Count occurrences of a char in a text file

2022-12-24 00:56:32 人气: 19

Overview We'll learn how to use Linux commands to get the number of occurrences of a specific character in an input file. We're assuming that you know some common Linux commands, including grep, awk, and tr. We'll also suppose that our input file tpoint.t...

Overview

We'll learn how to use Linux commands to get the number of occurrences of a specific character in an input file.

We're assuming that you know some common Linux commands, including grep, awk, and tr.

We'll also suppose that our input file tpoint.txt contains some dummy data −

$ cat tpoint.txt
"I Love Tpoint!!!"
"Tpoint is great!!!"

For the rest of the tutorial, we’ll be using tpoint.txt for demonstration purposes.

Using the grep Command

The grep command looks for a specific string in an input file.

We’ll now look at the command to get the number of characters in a file −

$ grep -o 'e' tpoint.txt | wc -l
4

We're searching for the occurrence of the letter 'e' in the file tpoint.txt. The −o option displays the matched part in a different line.
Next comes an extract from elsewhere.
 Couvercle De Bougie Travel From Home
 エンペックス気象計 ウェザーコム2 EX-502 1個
We now use the "|" symbol to connect the output of the grep program to the input of the wc program. The −l option in the `wc` command tells us how many lines there are in the given file.
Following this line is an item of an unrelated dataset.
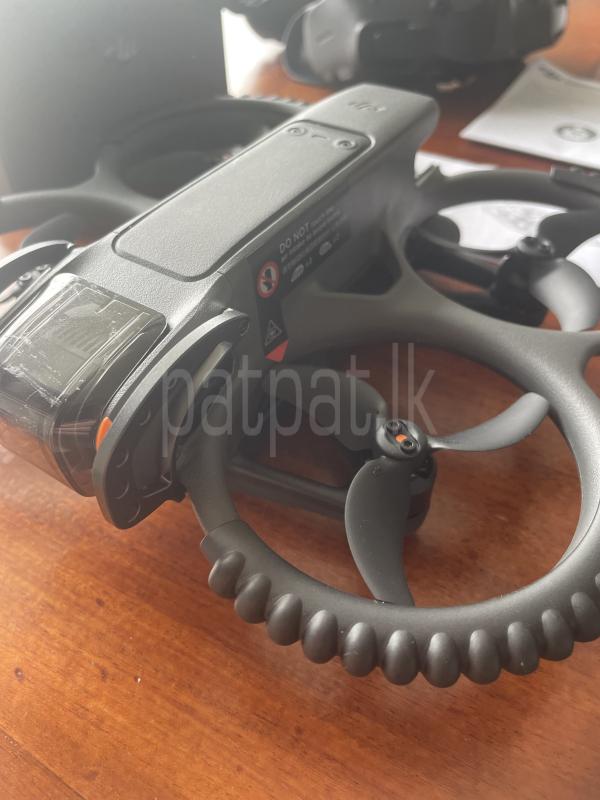 Advertisement image 5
Case-Insensitive Searching

The grep command allows for the use of the -i option to conduct a case-insensitive search.

$ grep -o -i 'l' tpoint.txt | wc -l
3

Using Multiple Input Files

You can use the grep command to check for multiple inputs at once. For example, if you want to know how long each line in a text file is, you could run the following command −

$ cat > dummy.txt
This is dummy text.
$ grep -o -i 'e' tpoint.txt dummy.txt | wc -l
5

We've added a new file called dummy.txt and performed a character count on both the file, which has been renamed from tpoint.text, and dummy.txt.

We used the grep command to count the number of characters in each file. The result included the total number of characters from both files.

Using the tr Command

The tr is a tool for performing character−based transformations.

We can combine two options, −c and −d, to get the number of characters −

$ tr -c -d 'l' < tpoint.txt | wc -c
2

Let us first understand the options used in the above command.

−c − This option will take the compliment of the set
−d − It will delete all the characters mentioned in the set

A string is defined as a sequence of characters. In our example, the string is just one letter, l.

When we combine the −c and −d options together, it will delete everything but the character specified by the −d option.

The resulting string will be piped into the wc command using a pipe symbol (|). The −c option in the wc command will return the total number of characters.

Case−insensitive Searching

You can perform searches using either upper or lower cases by adding both upper and lower cases to the set.

$ tr -cd 'lL' < tpoint.txt | wc -c
3

Using the awk Command

Awk is a programming tool for processing text files. It reads lines from an input file, performs some actions on each line, then writes the modified lines back into another file.

Unlike the two approaches we've discussed so far, this one is a bit trickier to understand.

Let’s take a look at the command and see how it works.

$ awk -F 'e' '{s+=(NF-1)} END {print s}' tpoint.txt
4

The default character used by the awk command line tool is a space. But here we h**e replaced the default field separators with an e using the -F command line argument. We want to split our data into two columns for every instance of “e”.

To get the number of characters per line, we need to add up the length of each line and then divide by the total number of lines. We can use the following code to achieve this− We add up the counts for each individual word and then finally, we get the overall character occurrence count for the whole document.

Performance Comparison

All three approaches we've discussed so far operate by performing the same basic task. However, the difference between them lies in their implementation of processing the data.

For small strings or small−sized files, the execution times for these commands are almost the same. However, the real differences between them are when their file sizes are too large.

Let's run all three of these command lines on a 1.1 GB file and see which one takes less time.

$ ls -lah large.txt
-rw-r--r--. 1 root root 1.1G Jun 12 10:53 large.txt

$ time grep -o 'e' large.txt | wc -l
82256735

real 0m40.733s
user 0m39.649s
sys 0m0.714s

$ time tr -c -d 'e' < large.txt | wc -c
82256735

real 0m2.542s
user 0m1.892s
sys 0m0.433s

$ time awk -Fe '{s+=(NF-1)} END {print s}' large.txt
82256735

real 0m11.080s
user 0m9.589s
sys 0m0.933s

The tr commands are the fastest of the three for counting characters in large files.

Conclusion

We've learned about different ways to find the number of characters in a text document. We've talked about some special cases like case−insensitve searches and searching from multiple input files.

We've found that the tr command runs faster than either the awk or the grep command.